## Data section
┌────────

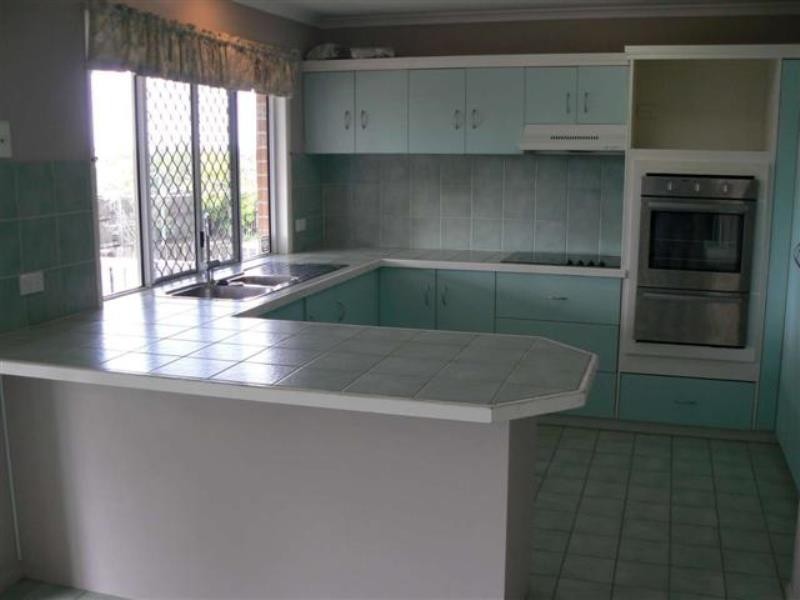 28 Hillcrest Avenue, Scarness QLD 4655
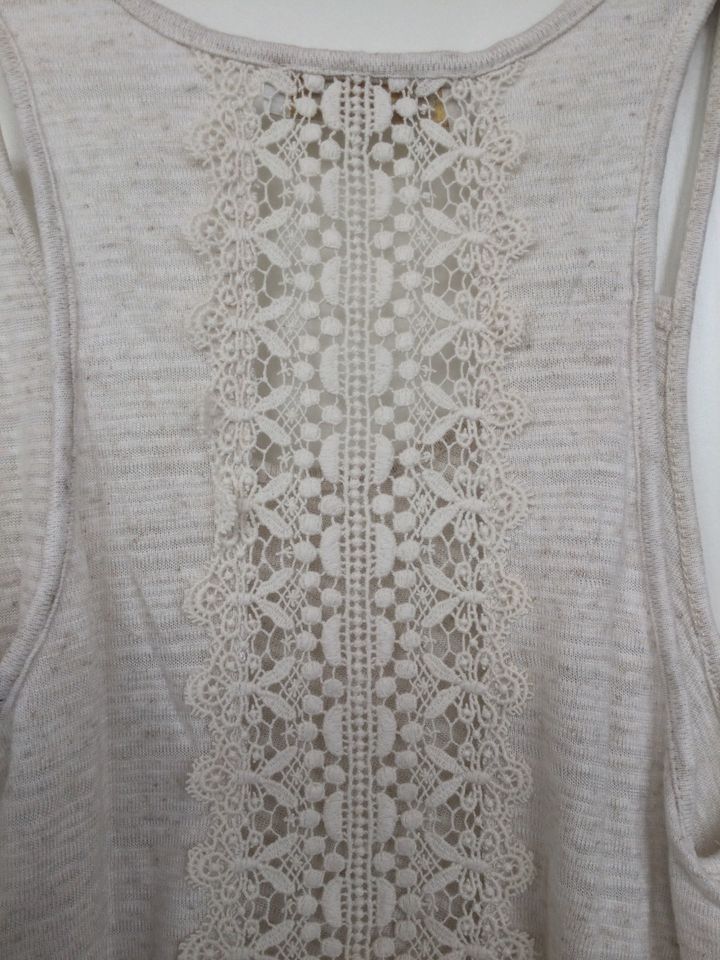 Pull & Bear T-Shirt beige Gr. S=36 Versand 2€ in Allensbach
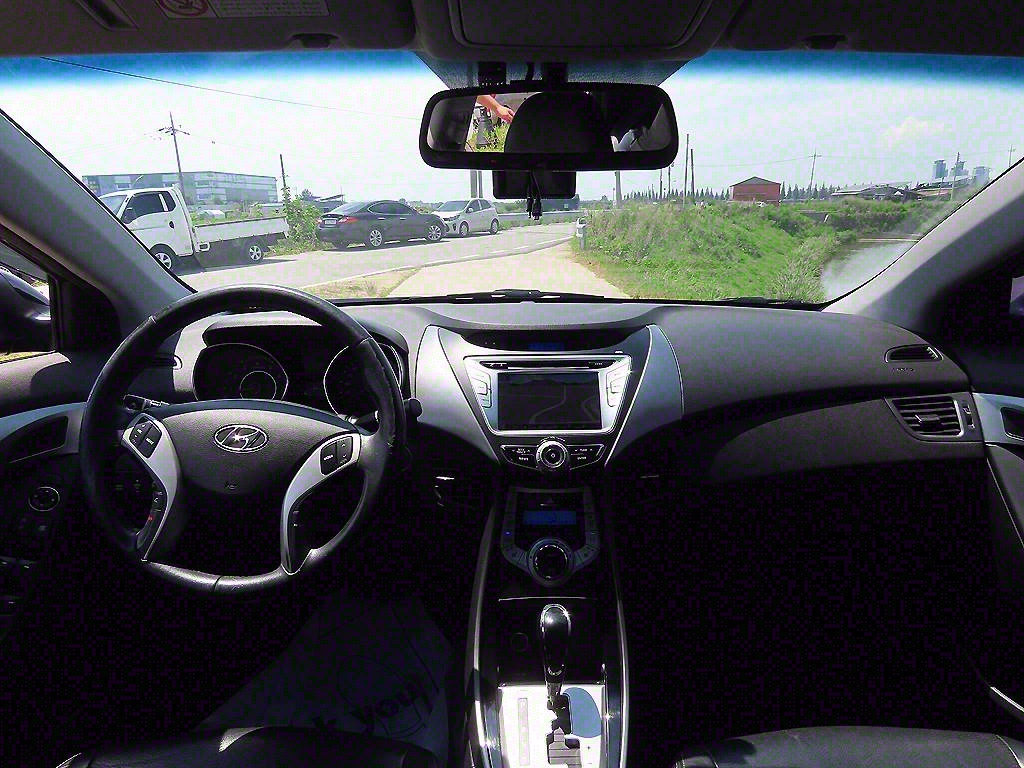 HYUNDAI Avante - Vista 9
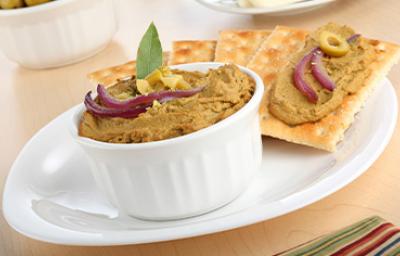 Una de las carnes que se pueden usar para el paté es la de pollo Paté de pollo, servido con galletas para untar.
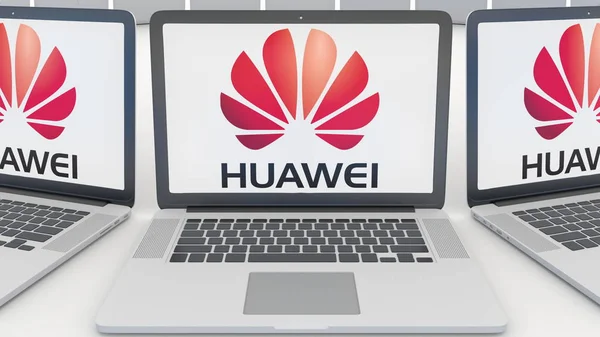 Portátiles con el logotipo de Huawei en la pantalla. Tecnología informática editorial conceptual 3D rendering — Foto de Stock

└────────
┌────────

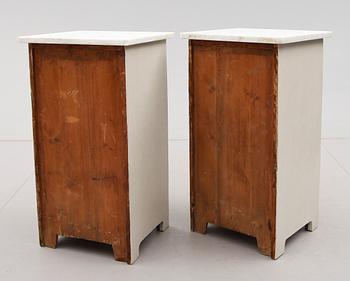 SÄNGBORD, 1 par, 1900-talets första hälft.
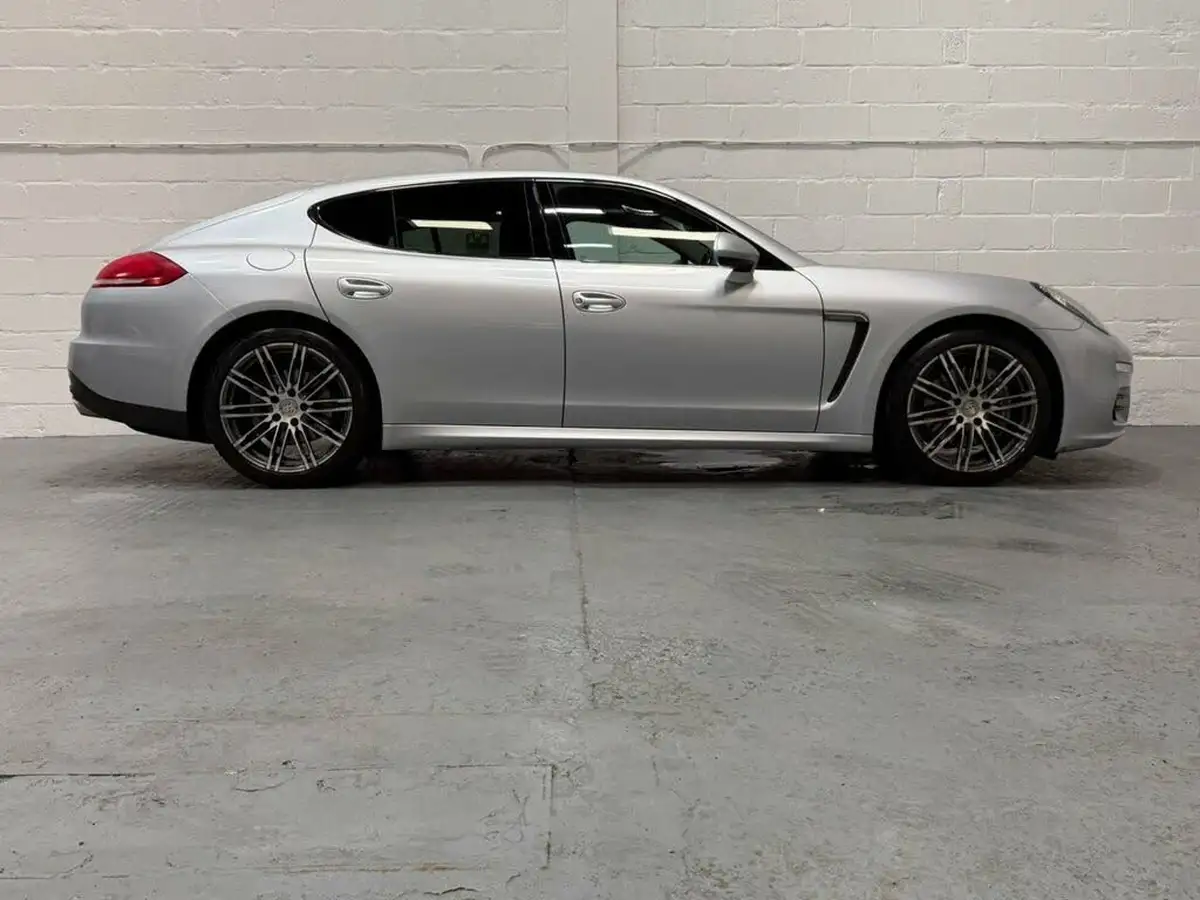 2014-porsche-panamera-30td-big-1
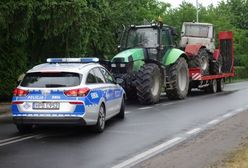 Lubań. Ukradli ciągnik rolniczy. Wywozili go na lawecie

└────────

## What to produce
With the pictures left out, write out exactly the lines above from the one containing "28 Hillcrest Avenue, Scarness QLD 4655" through the one containing "Una de las carnes".

## Answer for the task
 28 Hillcrest Avenue, Scarness QLD 4655
 Pull & Bear T-Shirt beige Gr. S=36 Versand 2€ in Allensbach
 HYUNDAI Avante - Vista 9
 Una de las carnes que se pueden usar para el paté es la de pollo Paté de pollo, servido con galletas para untar.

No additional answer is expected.